Les accords de Doha à l’épreuve
Le paradoxe est frappant. Alors que la déclaration de principes signée récemment à Doha mentionne la libération des personnes impliquées dans l’appui logistique, militaire ou financier au M23, la RDC ouvre en même temps un procès contre la figure que plusieurs sources (locales et étrangères) désignent – à mots couverts – comme le cerveau de cette rébellion.
On pourrait dès lors se poser la question: peut-on négocier la paix d’un côté, et juger le commanditaire de l’autre, sans compromettre la cohérence du processus?
À défaut de clarté, cette simultanéité renforce l’impression d’un double langage: justice sélective, paix conditionnelle, réconciliation à géométrie variable.
Théâtre politique ou justice en marche?
Une partie de l’opinion, notamment sur les réseaux sociaux, voit dans ce procès un théâtre politique visant à distraire l’attention de l’incapacité de l’État à sécuriser l’Est, à faire appliquer les résolutions issues des pourparlers de paix ou encore à engager des réformes économiques et sociales attendues par la population.
D’autres y lisent une manœuvre politique visant à neutraliser définitivement un potentiel adversaire électoral, à l’approche de futurs scrutins cruciaux, notamment les provinciales et locales.
Mais le danger est réel: en transformant ce procès en affrontement politique, on prend le risque de fracturer davantage la nation, de polariser l’armée, et de pousser certains cercles proches de Kabila dans une posture de résistance souterraine ou d’obstruction active à tout processus de stabilisation.
Pour une justice qui construit la paix, pas qui la compromet
Si l’objectif est réellement la justice, celle-ci doit être impartiale, transparente, cohérente et inscrite dans une vision plus large de vérité et de réconciliation.
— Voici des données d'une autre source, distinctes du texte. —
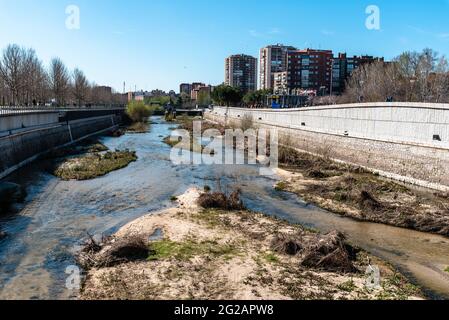 Madrid, Spanien - 14. März 2021: Der Fluss Manzanares mit wenig Wasser und Stadtbild von Madrid Rio Stockfoto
Sinon, elle ne sera qu’un instrument de règlements de comptes ou un catalyseur de nouvelles tensions.
Il est urgent de créer un cadre national de justice transitionnelle, incluant les victimes, les anciens combattants, les acteurs politiques et la société civile, qui permettrait d’établir la vérité sur les causes structurelles du conflit, de désigner les responsabilités sans esprit de vengeance, et d’enclencher un vrai processus de réparation collective.
La RDC a besoin de justice, oui. Mais elle a encore plus besoin de paix. Et la paix durable ne se construit pas uniquement dans les prétoires, mais dans les cœurs, les mémoires et les institutions.
En définitive, la question centrale n’est pas de savoir si Joseph Kabila est coupable ou non. Elle est de savoir si le moment est bien choisi, si le cadre est adapté, et si les conséquences de ce procès ont été pleinement mesurées dans un contexte où la moindre étincelle peut embraser tout un pays.
Le Congo est à la croisée des chemins. Et ceux qui prétendent le servir doivent choisir entre la vengeance et la reconstruction.